En Île-de-France, le SDIS 77 a multiplié les « mises à l’épreuve du réel » : d’une séance de 2 h en juin 2024 à un basculement complet de 48 h fin décembre. Cette montée en charge progressive, doublée d’une astreinte fonctionnelle et technique, a abouti à la mise en production pérenne le 6 janvier 2025.
Interopérabilité 360° : du CTA-CODIS au SAMU en live
La connexion temps réel NexSIS ↔ ANTARES permet le suivi des statuts engins, tandis qu’un connecteur HL7 pilote désormais les échanges SAMU 77-SDIS 77 : la première passerelle SAMU-SDIS compatible NexSIS. À terme, le bus SGE exposera une API unifiée pour la police, la gendarmerie, les PC ORSEC de zone et les outils des Préfectures (CRISTAL).
Pour les citoyens, des applications grand public sont prévues : bouton d’alerte dans FR-Alert, visio-guidage en compression thoracique et feed-back qualimétrique post-intervention. L’ANSC mène en 2025 un POC avec le SDIS 31 sur la détection automatisée de chute via Health-Kit et l’ouverture de flux vidéo drônes.
Enjeux 2025-2028 : cybersécurité, conduite du changement et JO 2028
Le défi cyber reste majeur : l’ANSSI classe NexSIS dans les SI d’importance vitale (SIV). Une homologation SecNumCloud est exigée pour chaque région de backup. Parallèlement, la formation – près de 30 000 utilisateurs finaux – mobilise un budget de 9 M€ et un réseau de 400 « formateurs référents ». Les J.O. d’hiver 2028 à Grenoble serviront de test « pleine charge » avant le passage en « mode nominal France entière » programmé pour 2029.
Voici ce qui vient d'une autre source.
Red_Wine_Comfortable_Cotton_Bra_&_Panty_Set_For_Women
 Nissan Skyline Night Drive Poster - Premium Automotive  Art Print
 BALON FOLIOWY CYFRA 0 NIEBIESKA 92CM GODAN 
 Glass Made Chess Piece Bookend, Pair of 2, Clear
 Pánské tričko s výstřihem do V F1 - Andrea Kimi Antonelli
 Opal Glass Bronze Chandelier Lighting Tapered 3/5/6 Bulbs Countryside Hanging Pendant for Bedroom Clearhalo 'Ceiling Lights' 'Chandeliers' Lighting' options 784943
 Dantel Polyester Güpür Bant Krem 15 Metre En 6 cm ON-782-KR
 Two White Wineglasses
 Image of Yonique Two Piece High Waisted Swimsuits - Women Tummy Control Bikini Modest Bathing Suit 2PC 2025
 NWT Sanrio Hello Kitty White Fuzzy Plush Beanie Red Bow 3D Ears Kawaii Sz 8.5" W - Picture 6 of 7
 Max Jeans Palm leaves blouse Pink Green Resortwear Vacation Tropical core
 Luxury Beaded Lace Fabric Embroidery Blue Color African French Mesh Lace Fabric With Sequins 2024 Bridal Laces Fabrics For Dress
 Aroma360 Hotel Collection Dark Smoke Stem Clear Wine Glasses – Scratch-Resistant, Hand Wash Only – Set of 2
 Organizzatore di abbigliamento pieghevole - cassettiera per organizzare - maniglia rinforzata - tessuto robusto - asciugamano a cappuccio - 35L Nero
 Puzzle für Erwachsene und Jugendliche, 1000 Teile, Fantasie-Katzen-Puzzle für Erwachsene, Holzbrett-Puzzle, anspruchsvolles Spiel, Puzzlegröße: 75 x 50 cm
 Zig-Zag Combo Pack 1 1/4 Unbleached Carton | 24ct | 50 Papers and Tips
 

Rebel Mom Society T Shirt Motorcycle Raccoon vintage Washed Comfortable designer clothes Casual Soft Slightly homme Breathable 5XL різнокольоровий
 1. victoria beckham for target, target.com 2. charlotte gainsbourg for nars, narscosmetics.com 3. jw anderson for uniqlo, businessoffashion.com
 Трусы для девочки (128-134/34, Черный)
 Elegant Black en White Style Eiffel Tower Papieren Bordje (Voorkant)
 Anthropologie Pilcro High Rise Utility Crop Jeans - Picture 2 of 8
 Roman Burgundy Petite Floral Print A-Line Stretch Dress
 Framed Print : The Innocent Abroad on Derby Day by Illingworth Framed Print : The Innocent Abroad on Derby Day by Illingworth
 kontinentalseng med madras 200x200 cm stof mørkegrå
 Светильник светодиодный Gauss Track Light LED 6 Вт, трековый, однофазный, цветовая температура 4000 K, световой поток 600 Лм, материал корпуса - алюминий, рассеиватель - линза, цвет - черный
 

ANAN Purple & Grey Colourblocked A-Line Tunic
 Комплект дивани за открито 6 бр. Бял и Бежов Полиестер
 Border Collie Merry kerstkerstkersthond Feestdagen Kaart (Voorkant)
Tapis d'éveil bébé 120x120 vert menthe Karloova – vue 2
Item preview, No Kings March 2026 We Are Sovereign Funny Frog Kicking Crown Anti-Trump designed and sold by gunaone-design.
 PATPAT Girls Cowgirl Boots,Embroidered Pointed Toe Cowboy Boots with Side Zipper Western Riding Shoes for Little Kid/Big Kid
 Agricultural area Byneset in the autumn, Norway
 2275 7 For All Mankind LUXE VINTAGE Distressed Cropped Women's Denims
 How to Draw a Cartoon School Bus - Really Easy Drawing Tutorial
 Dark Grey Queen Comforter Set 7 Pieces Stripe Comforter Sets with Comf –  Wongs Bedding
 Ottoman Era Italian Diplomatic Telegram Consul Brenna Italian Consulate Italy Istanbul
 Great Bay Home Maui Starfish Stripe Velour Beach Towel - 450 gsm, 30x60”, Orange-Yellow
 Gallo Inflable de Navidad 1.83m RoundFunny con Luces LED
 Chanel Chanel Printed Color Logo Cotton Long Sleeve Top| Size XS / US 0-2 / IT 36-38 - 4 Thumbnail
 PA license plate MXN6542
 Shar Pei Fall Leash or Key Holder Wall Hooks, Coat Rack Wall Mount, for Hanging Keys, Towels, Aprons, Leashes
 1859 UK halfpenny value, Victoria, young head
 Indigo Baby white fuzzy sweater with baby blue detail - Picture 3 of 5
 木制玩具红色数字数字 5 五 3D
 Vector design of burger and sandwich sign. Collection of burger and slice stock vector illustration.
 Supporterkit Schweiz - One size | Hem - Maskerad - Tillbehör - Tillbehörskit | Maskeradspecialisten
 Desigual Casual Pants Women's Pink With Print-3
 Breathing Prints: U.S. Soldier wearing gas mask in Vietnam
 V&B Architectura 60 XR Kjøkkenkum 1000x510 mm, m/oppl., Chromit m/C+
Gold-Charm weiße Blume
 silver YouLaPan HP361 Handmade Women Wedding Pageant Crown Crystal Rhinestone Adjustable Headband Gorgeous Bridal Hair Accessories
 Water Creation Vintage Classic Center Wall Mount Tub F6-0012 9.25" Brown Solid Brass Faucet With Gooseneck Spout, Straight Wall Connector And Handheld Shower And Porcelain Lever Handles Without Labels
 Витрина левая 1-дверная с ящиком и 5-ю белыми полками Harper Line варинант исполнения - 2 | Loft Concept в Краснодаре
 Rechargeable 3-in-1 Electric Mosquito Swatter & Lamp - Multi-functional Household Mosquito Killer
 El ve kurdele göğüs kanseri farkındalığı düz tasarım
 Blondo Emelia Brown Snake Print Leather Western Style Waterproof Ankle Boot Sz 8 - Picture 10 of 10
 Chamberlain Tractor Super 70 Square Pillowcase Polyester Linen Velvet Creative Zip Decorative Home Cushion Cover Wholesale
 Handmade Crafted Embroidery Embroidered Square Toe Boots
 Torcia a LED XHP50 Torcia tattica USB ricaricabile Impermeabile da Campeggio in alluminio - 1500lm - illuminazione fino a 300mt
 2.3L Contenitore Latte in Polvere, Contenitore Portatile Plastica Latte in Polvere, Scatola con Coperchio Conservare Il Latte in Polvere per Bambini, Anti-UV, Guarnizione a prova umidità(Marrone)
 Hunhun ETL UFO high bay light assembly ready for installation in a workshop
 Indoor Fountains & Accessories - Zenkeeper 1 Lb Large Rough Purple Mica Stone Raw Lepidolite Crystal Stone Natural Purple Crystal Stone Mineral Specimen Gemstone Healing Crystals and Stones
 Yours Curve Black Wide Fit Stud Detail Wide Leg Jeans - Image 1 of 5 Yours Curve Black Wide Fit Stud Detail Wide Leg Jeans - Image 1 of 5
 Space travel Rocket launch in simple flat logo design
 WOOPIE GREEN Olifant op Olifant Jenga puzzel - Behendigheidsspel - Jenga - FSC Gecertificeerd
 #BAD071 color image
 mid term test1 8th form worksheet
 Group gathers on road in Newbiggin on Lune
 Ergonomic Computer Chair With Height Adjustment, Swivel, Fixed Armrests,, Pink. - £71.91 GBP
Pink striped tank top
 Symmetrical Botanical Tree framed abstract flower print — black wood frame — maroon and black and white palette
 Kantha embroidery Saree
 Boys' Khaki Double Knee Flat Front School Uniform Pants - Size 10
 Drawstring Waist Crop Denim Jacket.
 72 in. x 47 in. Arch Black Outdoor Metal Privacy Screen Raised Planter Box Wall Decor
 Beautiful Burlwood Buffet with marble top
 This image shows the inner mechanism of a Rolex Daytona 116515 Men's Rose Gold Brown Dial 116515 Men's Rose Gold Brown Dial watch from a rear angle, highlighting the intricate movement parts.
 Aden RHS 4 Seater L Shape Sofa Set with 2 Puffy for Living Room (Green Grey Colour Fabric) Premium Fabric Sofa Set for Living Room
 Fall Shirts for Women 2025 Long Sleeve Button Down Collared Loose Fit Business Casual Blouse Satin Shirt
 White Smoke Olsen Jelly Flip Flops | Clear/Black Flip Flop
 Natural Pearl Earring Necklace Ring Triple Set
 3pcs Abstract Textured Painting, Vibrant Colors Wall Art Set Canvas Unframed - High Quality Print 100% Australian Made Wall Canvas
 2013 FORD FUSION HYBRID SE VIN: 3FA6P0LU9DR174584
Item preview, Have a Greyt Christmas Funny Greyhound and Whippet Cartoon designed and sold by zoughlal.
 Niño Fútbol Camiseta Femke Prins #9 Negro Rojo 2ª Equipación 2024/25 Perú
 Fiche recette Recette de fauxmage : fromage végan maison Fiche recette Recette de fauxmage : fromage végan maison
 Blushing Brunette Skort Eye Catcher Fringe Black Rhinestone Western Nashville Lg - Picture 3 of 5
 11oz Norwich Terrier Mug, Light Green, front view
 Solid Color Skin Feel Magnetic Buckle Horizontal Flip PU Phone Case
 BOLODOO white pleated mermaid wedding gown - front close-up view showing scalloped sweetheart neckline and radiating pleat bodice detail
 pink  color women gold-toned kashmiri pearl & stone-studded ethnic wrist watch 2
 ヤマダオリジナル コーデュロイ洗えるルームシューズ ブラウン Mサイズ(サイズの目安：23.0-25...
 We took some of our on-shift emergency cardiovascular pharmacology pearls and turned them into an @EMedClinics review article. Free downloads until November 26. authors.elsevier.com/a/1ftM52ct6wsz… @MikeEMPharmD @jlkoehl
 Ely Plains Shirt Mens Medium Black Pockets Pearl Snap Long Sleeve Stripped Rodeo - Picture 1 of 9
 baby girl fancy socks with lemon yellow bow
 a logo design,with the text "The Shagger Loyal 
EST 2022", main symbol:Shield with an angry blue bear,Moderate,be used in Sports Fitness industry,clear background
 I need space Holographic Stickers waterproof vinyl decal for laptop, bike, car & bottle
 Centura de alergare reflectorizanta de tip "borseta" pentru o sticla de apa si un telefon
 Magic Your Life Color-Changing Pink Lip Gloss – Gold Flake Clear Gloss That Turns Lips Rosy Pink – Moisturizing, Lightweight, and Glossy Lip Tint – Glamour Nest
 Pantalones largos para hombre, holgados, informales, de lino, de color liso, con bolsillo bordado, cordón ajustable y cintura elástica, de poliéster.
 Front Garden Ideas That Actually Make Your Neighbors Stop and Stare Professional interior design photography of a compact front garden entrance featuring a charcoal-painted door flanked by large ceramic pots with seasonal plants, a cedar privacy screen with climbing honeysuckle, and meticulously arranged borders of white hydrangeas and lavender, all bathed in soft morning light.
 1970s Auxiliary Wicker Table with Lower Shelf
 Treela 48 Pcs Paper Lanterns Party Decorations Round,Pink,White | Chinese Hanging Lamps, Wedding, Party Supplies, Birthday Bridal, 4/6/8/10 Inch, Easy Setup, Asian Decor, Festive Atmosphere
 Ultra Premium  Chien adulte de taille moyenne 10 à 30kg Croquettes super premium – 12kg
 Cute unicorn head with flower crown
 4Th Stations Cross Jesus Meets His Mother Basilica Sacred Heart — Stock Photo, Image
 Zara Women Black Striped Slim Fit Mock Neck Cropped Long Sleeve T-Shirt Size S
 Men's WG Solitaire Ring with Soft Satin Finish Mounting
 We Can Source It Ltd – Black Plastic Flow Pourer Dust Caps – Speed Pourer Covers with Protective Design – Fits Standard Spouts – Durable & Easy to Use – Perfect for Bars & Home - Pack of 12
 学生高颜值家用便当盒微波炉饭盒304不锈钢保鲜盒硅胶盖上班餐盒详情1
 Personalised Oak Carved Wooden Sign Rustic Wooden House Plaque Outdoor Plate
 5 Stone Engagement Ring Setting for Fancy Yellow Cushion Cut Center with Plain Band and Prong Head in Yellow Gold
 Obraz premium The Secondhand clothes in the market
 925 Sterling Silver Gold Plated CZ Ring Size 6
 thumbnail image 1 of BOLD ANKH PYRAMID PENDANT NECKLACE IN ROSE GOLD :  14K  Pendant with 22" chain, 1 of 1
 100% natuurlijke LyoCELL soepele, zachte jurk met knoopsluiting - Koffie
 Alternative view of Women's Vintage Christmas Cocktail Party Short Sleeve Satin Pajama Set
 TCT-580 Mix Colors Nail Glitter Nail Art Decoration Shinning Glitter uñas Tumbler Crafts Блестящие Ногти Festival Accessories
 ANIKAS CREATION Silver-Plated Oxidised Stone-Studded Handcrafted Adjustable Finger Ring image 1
En synthèse, NexSIS 18-112 n’est plus un simple projet informatique : c’est une réforme structurelle qui rebat les cartes de l’alerte, de l’engagement opérationnel et de la gouvernance data des SDIS. Avec un budget désormais stabilisé et des pilotes concluants, l’enjeu se déplace vers l’accompagnement humain et l’intégration inter-services – condition sine qua non pour que la « plate-forme des secours » tienne toutes ses promesses à l’échelle nationale.